Yesterday we went to buy prison-made goods at Bilibid, which is the big jail of Manila, and of the whole Philippine Islands. When anyone has committed a serious crime, he is sent up to Bilibid to eke out the period that has to elapse before he is carted back to his original island to be executed. The prison is a mass of half-finished-looking grey stone buildings, where prisoners in yellow-striped jerseys, like gigantic wasps, were going about behind iron railings.

We went into a huge stone hall, where there were quantities of all sorts of basket-work furniture on show; a row of carriages, all prison-made; and at the farther end a white man standing behind some glass-covered tables containing little objects for sale. I wanted to get some small souvenirs to send home, and examined carefully all the little trifles and curios in black wood, bone, and silver, with which the cases were filled; but I could not see anything that was uncommon or characteristic, or even worth buying at all. All the things looked to me as if someone had been to Naples or Colombo, and come back and told the Filipinos what to make, for here were souvenir teaspoons, paper knives of black wood, bone hairpins, and so on, and not one of them of a pattern one has not seen prepared for the traveller in every city of the world. I hunted all through the cases, and amongst the furniture in the hall, but could find nothing distinctive—everything was well made, but utterly banal. However, this did not concern me much, as what I had really come for was ordinary furniture, and this I managed to get to my satisfaction, and a little cheaper than in the Chinamen’s shops in Iloilo, which is to say exactly double the prices of Hong Kong.

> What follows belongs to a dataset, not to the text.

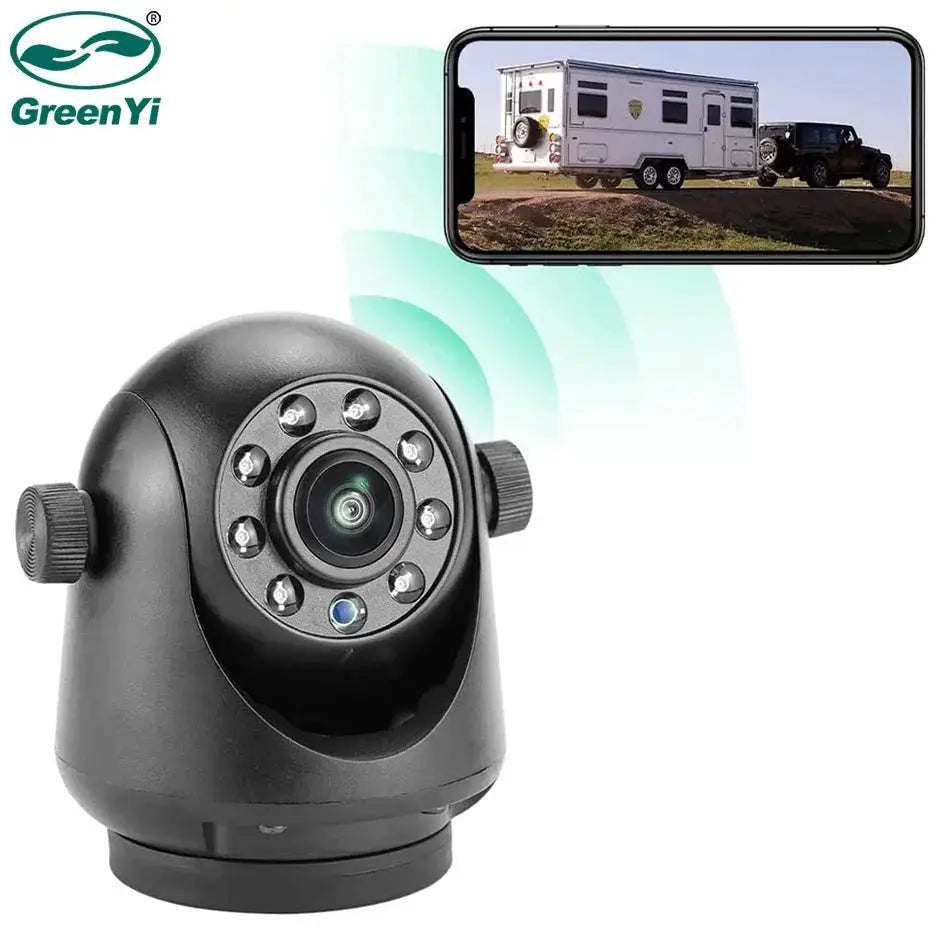 GreenYi 5G WiFi Magnetic Hitch Rear View Camera Night Vision Trailer RV - stepyours.com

Amongst a great many things stored in a corresponding hall upstairs were some basket chairs of an uncommon pattern, with a back like a huge spreading peacock’s tail; but, though they were pretty, these chairs did not strike me as characteristic of a people living in nipa huts, but much more like the suggestion of a wandering admirer of l’art nouveau.

Besides the chairs, I noticed some small columns of hard Filipino woods, intended for flower stands, but the price asked for them was 10 pesos (one guinea) each, which I thought ridiculous for plain, flat, polished wood. It appeared that they were derelict from the St Louis Exhibition, or, as it is called, “Exposition,” and on each was resting, temporarily, a little figure carved in wood and painted in bright colours, representing a Filipino man or woman—the woman in red skirt (not sarong) and camisa, and the men with their shirts outside, and carrying a fighting cock under one arm. By-the-bye, there is fierce indignation and terrible offence taken by the Filipinos about that same “Exposition,” as the Philippine section was got up attractively barbarous, with too much of the savage element, wild-men-of-the-woods in fantastic hovels, and so forth, to please the educated and high-class natives and Mestizos, who want independence, and think they are more likely to get it than the prehistoric savage.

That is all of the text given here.